:: ACTIVITY ::
Each entry below needs to be copied exactly, with nothing dropped.
+++ EXTRACTED INFORMATION
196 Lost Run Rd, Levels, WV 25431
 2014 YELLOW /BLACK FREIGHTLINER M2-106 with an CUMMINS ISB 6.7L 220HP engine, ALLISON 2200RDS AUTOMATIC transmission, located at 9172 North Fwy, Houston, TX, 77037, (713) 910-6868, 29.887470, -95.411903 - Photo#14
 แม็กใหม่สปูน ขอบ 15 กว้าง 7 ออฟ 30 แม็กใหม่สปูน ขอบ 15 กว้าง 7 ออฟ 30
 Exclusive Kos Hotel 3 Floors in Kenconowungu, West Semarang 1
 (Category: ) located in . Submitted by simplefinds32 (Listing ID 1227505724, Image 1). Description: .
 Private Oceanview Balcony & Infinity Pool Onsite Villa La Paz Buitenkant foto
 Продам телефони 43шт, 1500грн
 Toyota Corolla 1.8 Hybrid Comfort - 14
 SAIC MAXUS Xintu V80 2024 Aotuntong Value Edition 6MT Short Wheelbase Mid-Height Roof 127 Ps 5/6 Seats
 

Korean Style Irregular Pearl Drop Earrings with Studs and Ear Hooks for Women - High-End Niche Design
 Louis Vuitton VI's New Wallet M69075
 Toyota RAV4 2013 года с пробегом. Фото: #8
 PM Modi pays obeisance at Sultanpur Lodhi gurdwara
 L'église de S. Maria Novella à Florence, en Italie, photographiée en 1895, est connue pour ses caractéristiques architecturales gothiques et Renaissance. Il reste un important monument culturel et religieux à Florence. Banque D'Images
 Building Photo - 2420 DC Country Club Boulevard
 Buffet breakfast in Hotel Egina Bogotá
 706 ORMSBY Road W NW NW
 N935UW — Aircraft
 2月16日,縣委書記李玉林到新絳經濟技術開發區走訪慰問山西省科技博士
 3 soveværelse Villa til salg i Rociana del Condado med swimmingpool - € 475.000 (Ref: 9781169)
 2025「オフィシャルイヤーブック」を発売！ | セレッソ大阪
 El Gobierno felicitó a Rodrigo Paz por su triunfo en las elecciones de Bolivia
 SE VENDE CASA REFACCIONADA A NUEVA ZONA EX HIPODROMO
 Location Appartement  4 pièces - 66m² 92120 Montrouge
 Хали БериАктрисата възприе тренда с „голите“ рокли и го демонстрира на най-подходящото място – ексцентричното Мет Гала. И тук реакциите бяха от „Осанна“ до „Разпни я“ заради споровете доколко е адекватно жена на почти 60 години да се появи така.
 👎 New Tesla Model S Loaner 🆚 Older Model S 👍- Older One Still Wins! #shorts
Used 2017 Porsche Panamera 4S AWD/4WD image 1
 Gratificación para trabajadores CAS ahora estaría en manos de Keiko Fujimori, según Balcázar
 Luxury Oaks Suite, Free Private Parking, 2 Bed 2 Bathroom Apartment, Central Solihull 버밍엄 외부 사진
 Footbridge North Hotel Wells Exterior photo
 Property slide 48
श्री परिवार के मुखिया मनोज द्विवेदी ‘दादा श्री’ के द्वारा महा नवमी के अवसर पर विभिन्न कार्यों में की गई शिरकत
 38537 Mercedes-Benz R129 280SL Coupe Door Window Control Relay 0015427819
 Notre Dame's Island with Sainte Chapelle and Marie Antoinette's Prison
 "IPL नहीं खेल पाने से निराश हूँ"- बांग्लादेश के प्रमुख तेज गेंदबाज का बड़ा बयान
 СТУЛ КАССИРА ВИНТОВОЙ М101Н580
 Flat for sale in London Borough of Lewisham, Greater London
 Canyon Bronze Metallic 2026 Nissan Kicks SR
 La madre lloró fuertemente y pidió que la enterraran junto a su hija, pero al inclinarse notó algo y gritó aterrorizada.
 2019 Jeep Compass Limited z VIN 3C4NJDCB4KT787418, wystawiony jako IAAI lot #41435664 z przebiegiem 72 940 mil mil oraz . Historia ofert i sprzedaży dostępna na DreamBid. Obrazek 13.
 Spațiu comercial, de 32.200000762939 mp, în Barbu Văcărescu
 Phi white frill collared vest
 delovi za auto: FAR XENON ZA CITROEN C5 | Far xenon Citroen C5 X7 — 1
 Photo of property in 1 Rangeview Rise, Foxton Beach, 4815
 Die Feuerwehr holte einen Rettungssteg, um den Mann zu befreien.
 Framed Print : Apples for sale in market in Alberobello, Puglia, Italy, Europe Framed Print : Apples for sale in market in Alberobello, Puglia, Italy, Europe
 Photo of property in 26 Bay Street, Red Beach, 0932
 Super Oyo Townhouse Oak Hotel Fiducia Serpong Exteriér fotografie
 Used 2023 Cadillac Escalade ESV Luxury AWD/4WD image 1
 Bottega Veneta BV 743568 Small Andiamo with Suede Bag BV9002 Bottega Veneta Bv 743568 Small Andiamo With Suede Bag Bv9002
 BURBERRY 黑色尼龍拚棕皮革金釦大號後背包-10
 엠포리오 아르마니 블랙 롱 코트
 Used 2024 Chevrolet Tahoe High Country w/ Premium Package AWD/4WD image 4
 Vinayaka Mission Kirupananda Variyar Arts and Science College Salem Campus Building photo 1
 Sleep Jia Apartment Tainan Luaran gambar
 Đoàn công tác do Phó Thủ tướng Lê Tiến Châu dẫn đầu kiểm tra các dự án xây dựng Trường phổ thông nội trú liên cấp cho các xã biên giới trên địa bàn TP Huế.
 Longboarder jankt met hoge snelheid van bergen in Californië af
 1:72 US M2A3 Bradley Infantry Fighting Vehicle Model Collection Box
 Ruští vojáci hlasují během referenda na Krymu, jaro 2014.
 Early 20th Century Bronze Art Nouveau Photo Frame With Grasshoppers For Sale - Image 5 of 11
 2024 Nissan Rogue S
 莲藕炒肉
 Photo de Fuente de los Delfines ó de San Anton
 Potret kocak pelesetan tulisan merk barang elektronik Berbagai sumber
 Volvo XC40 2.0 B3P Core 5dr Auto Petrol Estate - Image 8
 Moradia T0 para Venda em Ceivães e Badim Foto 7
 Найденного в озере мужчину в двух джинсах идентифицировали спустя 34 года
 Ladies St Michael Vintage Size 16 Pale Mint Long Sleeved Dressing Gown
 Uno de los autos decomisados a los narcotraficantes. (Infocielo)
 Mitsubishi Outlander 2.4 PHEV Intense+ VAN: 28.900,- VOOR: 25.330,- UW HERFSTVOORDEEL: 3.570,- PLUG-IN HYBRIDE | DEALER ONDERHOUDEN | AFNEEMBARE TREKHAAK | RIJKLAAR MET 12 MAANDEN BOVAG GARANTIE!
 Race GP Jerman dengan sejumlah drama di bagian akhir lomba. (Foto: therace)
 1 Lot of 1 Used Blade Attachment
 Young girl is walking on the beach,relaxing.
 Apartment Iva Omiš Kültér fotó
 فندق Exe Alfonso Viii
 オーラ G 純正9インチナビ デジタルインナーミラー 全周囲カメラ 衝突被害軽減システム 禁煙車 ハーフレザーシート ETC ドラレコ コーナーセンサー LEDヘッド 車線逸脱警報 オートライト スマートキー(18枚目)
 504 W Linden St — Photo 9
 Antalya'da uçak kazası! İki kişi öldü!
++++++
:: EXERCISE ANSWER ::
196 Lost Run Rd, Levels, WV 25431
 2014 YELLOW /BLACK FREIGHTLINER M2-106 with an CUMMINS ISB 6.7L 220HP engine, ALLISON 2200RDS AUTOMATIC transmission, located at 9172 North Fwy, Houston, TX, 77037, (713) 910-6868, 29.887470, -95.411903 - Photo#14
 แม็กใหม่สปูน ขอบ 15 กว้าง 7 ออฟ 30 แม็กใหม่สปูน ขอบ 15 กว้าง 7 ออฟ 30
 Exclusive Kos Hotel 3 Floors in Kenconowungu, West Semarang 1
 (Category: ) located in . Submitted by simplefinds32 (Listing ID 1227505724, Image 1). Description: .
 Private Oceanview Balcony & Infinity Pool Onsite Villa La Paz Buitenkant foto
 Продам телефони 43шт, 1500грн
 Toyota Corolla 1.8 Hybrid Comfort - 14
 SAIC MAXUS Xintu V80 2024 Aotuntong Value Edition 6MT Short Wheelbase Mid-Height Roof 127 Ps 5/6 Seats
 

Korean Style Irregular Pearl Drop Earrings with Studs and Ear Hooks for Women - High-End Niche Design
 Louis Vuitton VI's New Wallet M69075
 Toyota RAV4 2013 года с пробегом. Фото: #8
 PM Modi pays obeisance at Sultanpur Lodhi gurdwara
 L'église de S. Maria Novella à Florence, en Italie, photographiée en 1895, est connue pour ses caractéristiques architecturales gothiques et Renaissance. Il reste un important monument culturel et religieux à Florence. Banque D'Images
 Building Photo - 2420 DC Country Club Boulevard
 Buffet breakfast in Hotel Egina Bogotá
 706 ORMSBY Road W NW NW
 N935UW — Aircraft
 2月16日,縣委書記李玉林到新絳經濟技術開發區走訪慰問山西省科技博士
 3 soveværelse Villa til salg i Rociana del Condado med swimmingpool - € 475.000 (Ref: 9781169)
 2025「オフィシャルイヤーブック」を発売！ | セレッソ大阪
 El Gobierno felicitó a Rodrigo Paz por su triunfo en las elecciones de Bolivia
 SE VENDE CASA REFACCIONADA A NUEVA ZONA EX HIPODROMO
 Location Appartement  4 pièces - 66m² 92120 Montrouge
 Хали БериАктрисата възприе тренда с „голите“ рокли и го демонстрира на най-подходящото място – ексцентричното Мет Гала. И тук реакциите бяха от „Осанна“ до „Разпни я“ заради споровете доколко е адекватно жена на почти 60 години да се появи така.
 👎 New Tesla Model S Loaner 🆚 Older Model S 👍- Older One Still Wins! #shorts
Used 2017 Porsche Panamera 4S AWD/4WD image 1
 Gratificación para trabajadores CAS ahora estaría en manos de Keiko Fujimori, según Balcázar
 Luxury Oaks Suite, Free Private Parking, 2 Bed 2 Bathroom Apartment, Central Solihull 버밍엄 외부 사진
 Footbridge North Hotel Wells Exterior photo
 Property slide 48
श्री परिवार के मुखिया मनोज द्विवेदी ‘दादा श्री’ के द्वारा महा नवमी के अवसर पर विभिन्न कार्यों में की गई शिरकत
 38537 Mercedes-Benz R129 280SL Coupe Door Window Control Relay 0015427819
 Notre Dame's Island with Sainte Chapelle and Marie Antoinette's Prison
 "IPL नहीं खेल पाने से निराश हूँ"- बांग्लादेश के प्रमुख तेज गेंदबाज का बड़ा बयान
 СТУЛ КАССИРА ВИНТОВОЙ М101Н580
 Flat for sale in London Borough of Lewisham, Greater London
 Canyon Bronze Metallic 2026 Nissan Kicks SR
 La madre lloró fuertemente y pidió que la enterraran junto a su hija, pero al inclinarse notó algo y gritó aterrorizada.
 2019 Jeep Compass Limited z VIN 3C4NJDCB4KT787418, wystawiony jako IAAI lot #41435664 z przebiegiem 72 940 mil mil oraz . Historia ofert i sprzedaży dostępna na DreamBid. Obrazek 13.
 Spațiu comercial, de 32.200000762939 mp, în Barbu Văcărescu
 Phi white frill collared vest
 delovi za auto: FAR XENON ZA CITROEN C5 | Far xenon Citroen C5 X7 — 1
 Photo of property in 1 Rangeview Rise, Foxton Beach, 4815
 Die Feuerwehr holte einen Rettungssteg, um den Mann zu befreien.
 Framed Print : Apples for sale in market in Alberobello, Puglia, Italy, Europe Framed Print : Apples for sale in market in Alberobello, Puglia, Italy, Europe
 Photo of property in 26 Bay Street, Red Beach, 0932
 Super Oyo Townhouse Oak Hotel Fiducia Serpong Exteriér fotografie
 Used 2023 Cadillac Escalade ESV Luxury AWD/4WD image 1
 Bottega Veneta BV 743568 Small Andiamo with Suede Bag BV9002 Bottega Veneta Bv 743568 Small Andiamo With Suede Bag Bv9002
 BURBERRY 黑色尼龍拚棕皮革金釦大號後背包-10
 엠포리오 아르마니 블랙 롱 코트
 Used 2024 Chevrolet Tahoe High Country w/ Premium Package AWD/4WD image 4
 Vinayaka Mission Kirupananda Variyar Arts and Science College Salem Campus Building photo 1
 Sleep Jia Apartment Tainan Luaran gambar
 Đoàn công tác do Phó Thủ tướng Lê Tiến Châu dẫn đầu kiểm tra các dự án xây dựng Trường phổ thông nội trú liên cấp cho các xã biên giới trên địa bàn TP Huế.
 Longboarder jankt met hoge snelheid van bergen in Californië af
 1:72 US M2A3 Bradley Infantry Fighting Vehicle Model Collection Box
 Ruští vojáci hlasují během referenda na Krymu, jaro 2014.
 Early 20th Century Bronze Art Nouveau Photo Frame With Grasshoppers For Sale - Image 5 of 11
 2024 Nissan Rogue S
 莲藕炒肉
 Photo de Fuente de los Delfines ó de San Anton
 Potret kocak pelesetan tulisan merk barang elektronik Berbagai sumber
 Volvo XC40 2.0 B3P Core 5dr Auto Petrol Estate - Image 8
 Moradia T0 para Venda em Ceivães e Badim Foto 7
 Найденного в озере мужчину в двух джинсах идентифицировали спустя 34 года
 Ladies St Michael Vintage Size 16 Pale Mint Long Sleeved Dressing Gown
 Uno de los autos decomisados a los narcotraficantes. (Infocielo)
 Mitsubishi Outlander 2.4 PHEV Intense+ VAN: 28.900,- VOOR: 25.330,- UW HERFSTVOORDEEL: 3.570,- PLUG-IN HYBRIDE | DEALER ONDERHOUDEN | AFNEEMBARE TREKHAAK | RIJKLAAR MET 12 MAANDEN BOVAG GARANTIE!
 Race GP Jerman dengan sejumlah drama di bagian akhir lomba. (Foto: therace)
 1 Lot of 1 Used Blade Attachment
 Young girl is walking on the beach,relaxing.
 Apartment Iva Omiš Kültér fotó
 فندق Exe Alfonso Viii
 オーラ G 純正9インチナビ デジタルインナーミラー 全周囲カメラ 衝突被害軽減システム 禁煙車 ハーフレザーシート ETC ドラレコ コーナーセンサー LEDヘッド 車線逸脱警報 オートライト スマートキー(18枚目)
 504 W Linden St — Photo 9
 Antalya'da uçak kazası! İki kişi öldü!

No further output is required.